*** Opening of Source material ***

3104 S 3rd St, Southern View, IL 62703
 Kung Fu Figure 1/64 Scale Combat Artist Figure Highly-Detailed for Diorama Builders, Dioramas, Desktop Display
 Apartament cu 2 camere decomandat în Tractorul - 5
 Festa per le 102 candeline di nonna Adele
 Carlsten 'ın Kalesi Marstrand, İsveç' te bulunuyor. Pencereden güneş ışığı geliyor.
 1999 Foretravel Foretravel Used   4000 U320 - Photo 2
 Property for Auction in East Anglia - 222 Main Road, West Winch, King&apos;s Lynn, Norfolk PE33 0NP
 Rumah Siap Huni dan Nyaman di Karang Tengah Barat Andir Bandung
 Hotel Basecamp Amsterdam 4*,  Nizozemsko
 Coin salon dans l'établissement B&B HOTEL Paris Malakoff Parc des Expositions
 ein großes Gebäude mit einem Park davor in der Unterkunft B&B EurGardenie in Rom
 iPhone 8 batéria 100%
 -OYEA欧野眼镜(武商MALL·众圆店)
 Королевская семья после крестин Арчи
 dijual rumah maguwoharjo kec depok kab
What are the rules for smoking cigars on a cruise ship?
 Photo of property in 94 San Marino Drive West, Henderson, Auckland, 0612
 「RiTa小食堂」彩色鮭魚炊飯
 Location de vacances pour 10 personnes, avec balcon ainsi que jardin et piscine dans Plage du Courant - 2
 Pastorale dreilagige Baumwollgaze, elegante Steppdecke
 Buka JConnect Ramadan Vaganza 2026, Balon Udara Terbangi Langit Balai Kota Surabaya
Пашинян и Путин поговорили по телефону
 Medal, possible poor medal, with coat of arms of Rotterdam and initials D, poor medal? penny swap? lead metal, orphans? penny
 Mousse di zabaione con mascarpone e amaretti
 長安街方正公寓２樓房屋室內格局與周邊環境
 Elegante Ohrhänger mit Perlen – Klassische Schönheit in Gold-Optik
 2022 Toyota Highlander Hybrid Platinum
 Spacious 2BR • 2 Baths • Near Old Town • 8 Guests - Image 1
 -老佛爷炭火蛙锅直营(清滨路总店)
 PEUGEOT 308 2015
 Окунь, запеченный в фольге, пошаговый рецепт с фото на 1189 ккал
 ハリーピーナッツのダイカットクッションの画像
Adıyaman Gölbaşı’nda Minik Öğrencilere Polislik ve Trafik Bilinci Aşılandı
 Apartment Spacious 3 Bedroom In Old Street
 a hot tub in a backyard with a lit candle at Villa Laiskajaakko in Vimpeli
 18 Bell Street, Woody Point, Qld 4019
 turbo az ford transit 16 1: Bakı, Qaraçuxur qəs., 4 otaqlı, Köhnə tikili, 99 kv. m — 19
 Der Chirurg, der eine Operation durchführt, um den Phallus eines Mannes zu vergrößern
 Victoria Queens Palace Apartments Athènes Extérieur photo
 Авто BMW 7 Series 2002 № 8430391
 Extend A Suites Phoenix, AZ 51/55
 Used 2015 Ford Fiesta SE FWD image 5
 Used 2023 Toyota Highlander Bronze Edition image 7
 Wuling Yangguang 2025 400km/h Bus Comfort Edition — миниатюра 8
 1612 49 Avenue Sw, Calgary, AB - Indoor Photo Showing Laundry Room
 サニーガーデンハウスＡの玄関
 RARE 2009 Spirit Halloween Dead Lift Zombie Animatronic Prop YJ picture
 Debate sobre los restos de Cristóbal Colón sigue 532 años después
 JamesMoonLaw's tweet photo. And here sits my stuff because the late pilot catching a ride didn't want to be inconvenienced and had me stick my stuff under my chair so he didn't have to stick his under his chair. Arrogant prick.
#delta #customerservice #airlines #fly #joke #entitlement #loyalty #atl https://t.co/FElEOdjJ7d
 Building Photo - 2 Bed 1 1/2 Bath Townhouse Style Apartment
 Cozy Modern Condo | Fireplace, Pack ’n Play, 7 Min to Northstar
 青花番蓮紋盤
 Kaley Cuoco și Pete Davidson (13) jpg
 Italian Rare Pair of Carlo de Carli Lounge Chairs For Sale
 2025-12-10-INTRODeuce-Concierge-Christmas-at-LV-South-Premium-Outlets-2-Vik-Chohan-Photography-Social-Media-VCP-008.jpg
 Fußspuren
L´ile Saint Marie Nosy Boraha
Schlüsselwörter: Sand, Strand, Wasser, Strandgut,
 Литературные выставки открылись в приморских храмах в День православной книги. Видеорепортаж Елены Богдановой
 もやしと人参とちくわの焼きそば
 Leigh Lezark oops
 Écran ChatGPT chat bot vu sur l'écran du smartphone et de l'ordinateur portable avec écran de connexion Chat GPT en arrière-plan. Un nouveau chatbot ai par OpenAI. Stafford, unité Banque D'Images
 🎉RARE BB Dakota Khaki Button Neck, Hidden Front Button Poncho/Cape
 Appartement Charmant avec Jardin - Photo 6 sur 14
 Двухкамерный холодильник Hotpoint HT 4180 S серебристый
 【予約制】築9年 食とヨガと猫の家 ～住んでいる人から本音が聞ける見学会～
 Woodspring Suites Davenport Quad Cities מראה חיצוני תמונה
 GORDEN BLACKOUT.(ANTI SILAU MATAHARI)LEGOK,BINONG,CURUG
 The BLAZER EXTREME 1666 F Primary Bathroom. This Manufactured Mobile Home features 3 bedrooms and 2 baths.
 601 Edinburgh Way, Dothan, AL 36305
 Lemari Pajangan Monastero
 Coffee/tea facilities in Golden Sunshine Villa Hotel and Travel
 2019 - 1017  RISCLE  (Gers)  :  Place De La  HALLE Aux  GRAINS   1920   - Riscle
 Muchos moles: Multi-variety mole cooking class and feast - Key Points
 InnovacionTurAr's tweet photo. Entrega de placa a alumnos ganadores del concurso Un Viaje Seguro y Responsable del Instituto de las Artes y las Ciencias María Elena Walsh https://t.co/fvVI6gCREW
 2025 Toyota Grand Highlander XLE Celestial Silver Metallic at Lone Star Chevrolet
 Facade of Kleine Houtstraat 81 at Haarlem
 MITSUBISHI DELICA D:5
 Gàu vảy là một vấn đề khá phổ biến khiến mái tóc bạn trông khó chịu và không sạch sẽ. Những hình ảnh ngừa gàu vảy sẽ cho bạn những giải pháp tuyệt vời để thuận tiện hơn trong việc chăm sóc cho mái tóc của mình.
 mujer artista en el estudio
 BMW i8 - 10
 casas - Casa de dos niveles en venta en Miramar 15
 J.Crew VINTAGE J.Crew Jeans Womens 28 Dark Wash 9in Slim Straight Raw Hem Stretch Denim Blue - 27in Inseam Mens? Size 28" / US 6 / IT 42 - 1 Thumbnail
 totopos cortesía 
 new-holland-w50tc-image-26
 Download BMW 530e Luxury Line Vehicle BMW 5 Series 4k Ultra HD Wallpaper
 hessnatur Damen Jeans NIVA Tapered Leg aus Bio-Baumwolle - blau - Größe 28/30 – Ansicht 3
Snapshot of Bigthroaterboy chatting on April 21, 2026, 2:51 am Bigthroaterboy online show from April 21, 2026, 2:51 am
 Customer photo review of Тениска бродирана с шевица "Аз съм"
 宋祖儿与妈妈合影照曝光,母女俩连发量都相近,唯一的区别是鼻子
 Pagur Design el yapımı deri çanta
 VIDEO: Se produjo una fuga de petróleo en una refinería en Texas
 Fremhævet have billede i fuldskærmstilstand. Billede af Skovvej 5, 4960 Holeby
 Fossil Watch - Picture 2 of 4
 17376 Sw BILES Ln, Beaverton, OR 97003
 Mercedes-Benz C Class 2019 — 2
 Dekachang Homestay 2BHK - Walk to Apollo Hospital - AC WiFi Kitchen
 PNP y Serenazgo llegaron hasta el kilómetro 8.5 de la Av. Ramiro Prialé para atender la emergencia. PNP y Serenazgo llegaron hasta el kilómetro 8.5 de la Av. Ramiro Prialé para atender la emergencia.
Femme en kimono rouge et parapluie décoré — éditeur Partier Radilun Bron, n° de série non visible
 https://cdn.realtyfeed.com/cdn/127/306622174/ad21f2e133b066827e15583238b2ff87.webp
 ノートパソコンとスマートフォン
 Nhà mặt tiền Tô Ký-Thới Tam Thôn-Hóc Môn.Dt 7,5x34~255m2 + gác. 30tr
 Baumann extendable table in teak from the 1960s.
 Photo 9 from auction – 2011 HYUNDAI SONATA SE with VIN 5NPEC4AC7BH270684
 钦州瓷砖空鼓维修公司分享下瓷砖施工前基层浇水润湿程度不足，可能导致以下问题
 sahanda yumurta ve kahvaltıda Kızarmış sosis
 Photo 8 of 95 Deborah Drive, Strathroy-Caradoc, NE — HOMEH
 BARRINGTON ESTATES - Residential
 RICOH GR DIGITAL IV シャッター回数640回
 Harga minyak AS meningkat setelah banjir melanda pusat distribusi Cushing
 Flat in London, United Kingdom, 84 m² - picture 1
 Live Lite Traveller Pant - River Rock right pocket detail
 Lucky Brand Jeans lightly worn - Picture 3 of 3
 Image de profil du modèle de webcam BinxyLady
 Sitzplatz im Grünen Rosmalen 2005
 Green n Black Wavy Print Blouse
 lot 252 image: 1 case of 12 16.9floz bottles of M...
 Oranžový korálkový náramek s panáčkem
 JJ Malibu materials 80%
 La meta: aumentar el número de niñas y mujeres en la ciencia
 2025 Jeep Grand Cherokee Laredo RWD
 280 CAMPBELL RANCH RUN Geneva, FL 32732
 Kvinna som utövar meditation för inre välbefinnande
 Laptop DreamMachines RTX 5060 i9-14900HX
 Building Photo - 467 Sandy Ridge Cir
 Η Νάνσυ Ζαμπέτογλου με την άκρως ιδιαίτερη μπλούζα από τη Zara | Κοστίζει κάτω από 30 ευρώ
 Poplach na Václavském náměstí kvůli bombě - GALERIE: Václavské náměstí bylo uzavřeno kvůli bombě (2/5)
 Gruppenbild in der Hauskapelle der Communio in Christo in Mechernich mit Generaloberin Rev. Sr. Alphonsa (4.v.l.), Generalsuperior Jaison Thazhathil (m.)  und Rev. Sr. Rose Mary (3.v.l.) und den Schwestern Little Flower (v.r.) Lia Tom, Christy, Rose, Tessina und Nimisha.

*** Close of Source material ***

The first line of the entries, the line with "dijual rumah maguwoharjo kec depok kab", and every line between them should be retyped exactly, and nothing else.

**Result for this task**
3104 S 3rd St, Southern View, IL 62703
 Kung Fu Figure 1/64 Scale Combat Artist Figure Highly-Detailed for Diorama Builders, Dioramas, Desktop Display
 Apartament cu 2 camere decomandat în Tractorul - 5
 Festa per le 102 candeline di nonna Adele
 Carlsten 'ın Kalesi Marstrand, İsveç' te bulunuyor. Pencereden güneş ışığı geliyor.
 1999 Foretravel Foretravel Used   4000 U320 - Photo 2
 Property for Auction in East Anglia - 222 Main Road, West Winch, King&apos;s Lynn, Norfolk PE33 0NP
 Rumah Siap Huni dan Nyaman di Karang Tengah Barat Andir Bandung
 Hotel Basecamp Amsterdam 4*,  Nizozemsko
 Coin salon dans l'établissement B&B HOTEL Paris Malakoff Parc des Expositions
 ein großes Gebäude mit einem Park davor in der Unterkunft B&B EurGardenie in Rom
 iPhone 8 batéria 100%
 -OYEA欧野眼镜(武商MALL·众圆店)
 Королевская семья после крестин Арчи
 dijual rumah maguwoharjo kec depok kab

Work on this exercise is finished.